# Implement kleptography in Python

I'm new here, therefore I hope to be clear in this question. Firstly, I want to underline that I'm not a programmer, and I attended only a beginner course in Python, but I like to solve problems writing down some codes (using Python 3.8). However, here's my issue.

My task is to reproduce the plot below.

Where is this picture from? It comes from this journal (pg 137-145)

Now, it's better to expose the whole story behind this picture. In this article, the authors describe a kleptographic attack called SETUP against Diffie-Hellman keys exchange. In particular, they write this algorithm

Now, in 2 the authors thought "Maybe we can implement honest DHKE and malicious DHKE, and then we compare the running time of the two algorithms". Then, the plot above was born. For this purpose, they say

"We have implemented contaminated and uncontaminated versions of Diffie-Hellman protocols in ANSI C and linked with RSAREF 2.0 library using GNU C v 2.7 compiler. All tests were run on Linux system using a computer with a Pentium II processor (350 MHz) and 64 Mb memory. Computation time for a single protocol was measured in 10- 2s."

Good. Now, I want to do the same, i.e. implement good and evil DH and compare the running time.

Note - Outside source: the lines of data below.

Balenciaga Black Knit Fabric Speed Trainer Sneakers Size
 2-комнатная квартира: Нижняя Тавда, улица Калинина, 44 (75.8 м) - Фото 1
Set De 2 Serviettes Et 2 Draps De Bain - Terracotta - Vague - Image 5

This is the code I produced

import timeit #used to measure the running time of functions
import matplotlib.pyplot as plt #plot the results
import random
import numpy as np

import pyDH #library for Diffie-Hellman key exchange

X= pyDH.DiffieHellman() #Eve's private key
Y= X.gen_public_key() #Eve's public key

#The three integers a,b,W embedded by Eve
W=3
a=2
b=2

#Honest DH
def public_key():
d1 = pyDH.DiffieHellman()
return d1.gen_public_key()

#Malicoius Diffie_Hellman (SETUP)  #line 1-7 in the algorithm
def mal_public_key():
d1 = pyDH.DiffieHellman().get_private_key()
t=random.choice([0,1])
z1=pow(pyDH.DiffieHellman().g,d1-W*t,pyDH.DiffieHellman().p)
z2=pow(Y,-a*d1-b,pyDH.DiffieHellman().p)
z= z1*z2 % pyDH.DiffieHellman().p
d2=hash(z)
return pow(pyDH.DiffieHellman().g,d2,pyDH.DiffieHellman().p)

#function that plot the results
def plot(ntest=100000 ):
times = []
times2=[]

for i in range(ntest):

#Running time HONEST Diffie-Hellman (worked two times = two key generations)
elapse_time = timeit.timeit(public_key, number=2)
#here I collect the times
times += [int(round(elapse_time* pow(10, 2) ) )]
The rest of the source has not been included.